-- RECORDS PROVIDED follows --
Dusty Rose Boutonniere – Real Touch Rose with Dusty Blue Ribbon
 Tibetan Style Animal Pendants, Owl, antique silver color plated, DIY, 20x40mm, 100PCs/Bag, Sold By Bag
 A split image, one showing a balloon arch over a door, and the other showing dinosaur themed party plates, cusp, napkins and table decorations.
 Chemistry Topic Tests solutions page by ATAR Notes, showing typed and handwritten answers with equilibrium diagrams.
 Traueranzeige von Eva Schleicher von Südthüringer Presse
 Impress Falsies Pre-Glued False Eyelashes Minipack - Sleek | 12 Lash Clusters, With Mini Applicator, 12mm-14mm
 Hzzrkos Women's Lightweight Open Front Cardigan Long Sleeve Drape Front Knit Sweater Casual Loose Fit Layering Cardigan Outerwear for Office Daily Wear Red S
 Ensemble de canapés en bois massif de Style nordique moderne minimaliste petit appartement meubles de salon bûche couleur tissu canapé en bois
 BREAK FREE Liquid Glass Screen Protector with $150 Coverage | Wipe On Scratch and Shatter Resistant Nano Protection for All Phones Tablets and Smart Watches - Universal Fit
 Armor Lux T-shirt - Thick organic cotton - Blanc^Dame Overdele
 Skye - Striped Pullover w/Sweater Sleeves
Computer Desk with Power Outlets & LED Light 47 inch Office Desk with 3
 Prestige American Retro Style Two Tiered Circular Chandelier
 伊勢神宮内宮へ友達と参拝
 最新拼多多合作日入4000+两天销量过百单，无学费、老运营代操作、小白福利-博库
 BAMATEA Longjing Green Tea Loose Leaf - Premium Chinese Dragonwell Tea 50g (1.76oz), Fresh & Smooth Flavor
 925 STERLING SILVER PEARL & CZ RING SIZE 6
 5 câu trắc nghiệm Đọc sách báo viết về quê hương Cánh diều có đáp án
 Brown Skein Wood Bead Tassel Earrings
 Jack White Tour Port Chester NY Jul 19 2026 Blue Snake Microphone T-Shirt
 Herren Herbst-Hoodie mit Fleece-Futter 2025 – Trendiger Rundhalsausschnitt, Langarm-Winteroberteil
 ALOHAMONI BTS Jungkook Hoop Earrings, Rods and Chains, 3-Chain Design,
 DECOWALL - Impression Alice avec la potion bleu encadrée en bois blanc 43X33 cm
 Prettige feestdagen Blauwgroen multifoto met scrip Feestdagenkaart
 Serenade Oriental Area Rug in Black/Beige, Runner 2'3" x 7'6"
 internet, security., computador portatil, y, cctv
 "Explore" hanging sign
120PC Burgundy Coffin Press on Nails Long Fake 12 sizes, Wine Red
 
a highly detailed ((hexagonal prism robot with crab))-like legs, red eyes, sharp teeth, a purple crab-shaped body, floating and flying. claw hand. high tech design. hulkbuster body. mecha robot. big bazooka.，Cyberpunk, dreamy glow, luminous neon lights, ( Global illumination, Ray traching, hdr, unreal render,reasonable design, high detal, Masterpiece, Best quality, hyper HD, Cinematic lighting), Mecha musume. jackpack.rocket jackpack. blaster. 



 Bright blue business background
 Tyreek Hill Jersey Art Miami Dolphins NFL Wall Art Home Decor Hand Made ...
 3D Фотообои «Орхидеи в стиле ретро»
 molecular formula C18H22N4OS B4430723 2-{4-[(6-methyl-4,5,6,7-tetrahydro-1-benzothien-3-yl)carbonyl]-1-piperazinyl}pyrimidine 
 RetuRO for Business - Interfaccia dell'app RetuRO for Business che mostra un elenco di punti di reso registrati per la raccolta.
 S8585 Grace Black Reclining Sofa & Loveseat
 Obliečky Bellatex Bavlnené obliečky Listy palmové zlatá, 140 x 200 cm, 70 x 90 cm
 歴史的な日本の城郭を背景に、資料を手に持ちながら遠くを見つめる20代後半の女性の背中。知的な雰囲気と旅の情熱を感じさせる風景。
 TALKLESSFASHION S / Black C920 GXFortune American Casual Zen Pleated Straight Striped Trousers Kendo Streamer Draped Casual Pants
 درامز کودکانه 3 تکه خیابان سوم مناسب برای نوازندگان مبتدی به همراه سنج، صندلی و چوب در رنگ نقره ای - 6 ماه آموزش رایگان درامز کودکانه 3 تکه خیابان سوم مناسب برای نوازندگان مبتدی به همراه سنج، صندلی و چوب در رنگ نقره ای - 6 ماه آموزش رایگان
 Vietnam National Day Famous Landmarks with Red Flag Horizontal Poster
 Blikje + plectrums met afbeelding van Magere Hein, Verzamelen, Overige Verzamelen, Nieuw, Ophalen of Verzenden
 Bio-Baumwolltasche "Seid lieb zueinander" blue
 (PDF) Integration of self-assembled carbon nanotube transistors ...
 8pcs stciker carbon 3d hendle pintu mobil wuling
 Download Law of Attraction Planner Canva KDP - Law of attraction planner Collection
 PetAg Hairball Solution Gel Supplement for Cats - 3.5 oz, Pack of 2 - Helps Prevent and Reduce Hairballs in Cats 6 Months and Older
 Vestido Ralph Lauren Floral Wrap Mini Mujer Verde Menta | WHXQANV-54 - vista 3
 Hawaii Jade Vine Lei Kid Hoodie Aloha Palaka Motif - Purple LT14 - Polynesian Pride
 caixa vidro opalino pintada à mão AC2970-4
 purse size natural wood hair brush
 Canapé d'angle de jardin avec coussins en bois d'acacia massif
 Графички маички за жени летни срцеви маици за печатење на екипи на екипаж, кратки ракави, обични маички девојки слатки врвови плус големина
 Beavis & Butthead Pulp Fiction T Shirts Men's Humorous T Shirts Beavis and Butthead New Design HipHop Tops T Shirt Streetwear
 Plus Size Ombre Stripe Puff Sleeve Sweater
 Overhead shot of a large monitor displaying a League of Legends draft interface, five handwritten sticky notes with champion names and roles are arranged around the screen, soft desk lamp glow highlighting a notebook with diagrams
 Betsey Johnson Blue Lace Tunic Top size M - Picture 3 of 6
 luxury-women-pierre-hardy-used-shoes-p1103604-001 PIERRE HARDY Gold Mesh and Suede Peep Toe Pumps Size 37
-- RECORDS PROVIDED concluded --
REQUIRED WORK: Without leaving anything out, transcribe the records above exactly.

REPLY:
Dusty Rose Boutonniere – Real Touch Rose with Dusty Blue Ribbon
 Tibetan Style Animal Pendants, Owl, antique silver color plated, DIY, 20x40mm, 100PCs/Bag, Sold By Bag
 A split image, one showing a balloon arch over a door, and the other showing dinosaur themed party plates, cusp, napkins and table decorations.
 Chemistry Topic Tests solutions page by ATAR Notes, showing typed and handwritten answers with equilibrium diagrams.
 Traueranzeige von Eva Schleicher von Südthüringer Presse
 Impress Falsies Pre-Glued False Eyelashes Minipack - Sleek | 12 Lash Clusters, With Mini Applicator, 12mm-14mm
 Hzzrkos Women's Lightweight Open Front Cardigan Long Sleeve Drape Front Knit Sweater Casual Loose Fit Layering Cardigan Outerwear for Office Daily Wear Red S
 Ensemble de canapés en bois massif de Style nordique moderne minimaliste petit appartement meubles de salon bûche couleur tissu canapé en bois
 BREAK FREE Liquid Glass Screen Protector with $150 Coverage | Wipe On Scratch and Shatter Resistant Nano Protection for All Phones Tablets and Smart Watches - Universal Fit
 Armor Lux T-shirt - Thick organic cotton - Blanc^Dame Overdele
 Skye - Striped Pullover w/Sweater Sleeves
Computer Desk with Power Outlets & LED Light 47 inch Office Desk with 3
 Prestige American Retro Style Two Tiered Circular Chandelier
 伊勢神宮内宮へ友達と参拝
 最新拼多多合作日入4000+两天销量过百单，无学费、老运营代操作、小白福利-博库
 BAMATEA Longjing Green Tea Loose Leaf - Premium Chinese Dragonwell Tea 50g (1.76oz), Fresh & Smooth Flavor
 925 STERLING SILVER PEARL & CZ RING SIZE 6
 5 câu trắc nghiệm Đọc sách báo viết về quê hương Cánh diều có đáp án
 Brown Skein Wood Bead Tassel Earrings
 Jack White Tour Port Chester NY Jul 19 2026 Blue Snake Microphone T-Shirt
 Herren Herbst-Hoodie mit Fleece-Futter 2025 – Trendiger Rundhalsausschnitt, Langarm-Winteroberteil
 ALOHAMONI BTS Jungkook Hoop Earrings, Rods and Chains, 3-Chain Design,
 DECOWALL - Impression Alice avec la potion bleu encadrée en bois blanc 43X33 cm
 Prettige feestdagen Blauwgroen multifoto met scrip Feestdagenkaart
 Serenade Oriental Area Rug in Black/Beige, Runner 2'3" x 7'6"
 internet, security., computador portatil, y, cctv
 "Explore" hanging sign
120PC Burgundy Coffin Press on Nails Long Fake 12 sizes, Wine Red
 
a highly detailed ((hexagonal prism robot with crab))-like legs, red eyes, sharp teeth, a purple crab-shaped body, floating and flying. claw hand. high tech design. hulkbuster body. mecha robot. big bazooka.，Cyberpunk, dreamy glow, luminous neon lights, ( Global illumination, Ray traching, hdr, unreal render,reasonable design, high detal, Masterpiece, Best quality, hyper HD, Cinematic lighting), Mecha musume. jackpack.rocket jackpack. blaster. 



 Bright blue business background
 Tyreek Hill Jersey Art Miami Dolphins NFL Wall Art Home Decor Hand Made ...
 3D Фотообои «Орхидеи в стиле ретро»
 molecular formula C18H22N4OS B4430723 2-{4-[(6-methyl-4,5,6,7-tetrahydro-1-benzothien-3-yl)carbonyl]-1-piperazinyl}pyrimidine 
 RetuRO for Business - Interfaccia dell'app RetuRO for Business che mostra un elenco di punti di reso registrati per la raccolta.
 S8585 Grace Black Reclining Sofa & Loveseat
 Obliečky Bellatex Bavlnené obliečky Listy palmové zlatá, 140 x 200 cm, 70 x 90 cm
 歴史的な日本の城郭を背景に、資料を手に持ちながら遠くを見つめる20代後半の女性の背中。知的な雰囲気と旅の情熱を感じさせる風景。
 TALKLESSFASHION S / Black C920 GXFortune American Casual Zen Pleated Straight Striped Trousers Kendo Streamer Draped Casual Pants
 درامز کودکانه 3 تکه خیابان سوم مناسب برای نوازندگان مبتدی به همراه سنج، صندلی و چوب در رنگ نقره ای - 6 ماه آموزش رایگان درامز کودکانه 3 تکه خیابان سوم مناسب برای نوازندگان مبتدی به همراه سنج، صندلی و چوب در رنگ نقره ای - 6 ماه آموزش رایگان
 Vietnam National Day Famous Landmarks with Red Flag Horizontal Poster
 Blikje + plectrums met afbeelding van Magere Hein, Verzamelen, Overige Verzamelen, Nieuw, Ophalen of Verzenden
 Bio-Baumwolltasche "Seid lieb zueinander" blue
 (PDF) Integration of self-assembled carbon nanotube transistors ...
 8pcs stciker carbon 3d hendle pintu mobil wuling
 Download Law of Attraction Planner Canva KDP - Law of attraction planner Collection
 PetAg Hairball Solution Gel Supplement for Cats - 3.5 oz, Pack of 2 - Helps Prevent and Reduce Hairballs in Cats 6 Months and Older
 Vestido Ralph Lauren Floral Wrap Mini Mujer Verde Menta | WHXQANV-54 - vista 3
 Hawaii Jade Vine Lei Kid Hoodie Aloha Palaka Motif - Purple LT14 - Polynesian Pride
 caixa vidro opalino pintada à mão AC2970-4
 purse size natural wood hair brush
 Canapé d'angle de jardin avec coussins en bois d'acacia massif
 Графички маички за жени летни срцеви маици за печатење на екипи на екипаж, кратки ракави, обични маички девојки слатки врвови плус големина
 Beavis & Butthead Pulp Fiction T Shirts Men's Humorous T Shirts Beavis and Butthead New Design HipHop Tops T Shirt Streetwear
 Plus Size Ombre Stripe Puff Sleeve Sweater
 Overhead shot of a large monitor displaying a League of Legends draft interface, five handwritten sticky notes with champion names and roles are arranged around the screen, soft desk lamp glow highlighting a notebook with diagrams
 Betsey Johnson Blue Lace Tunic Top size M - Picture 3 of 6
 luxury-women-pierre-hardy-used-shoes-p1103604-001 PIERRE HARDY Gold Mesh and Suede Peep Toe Pumps Size 37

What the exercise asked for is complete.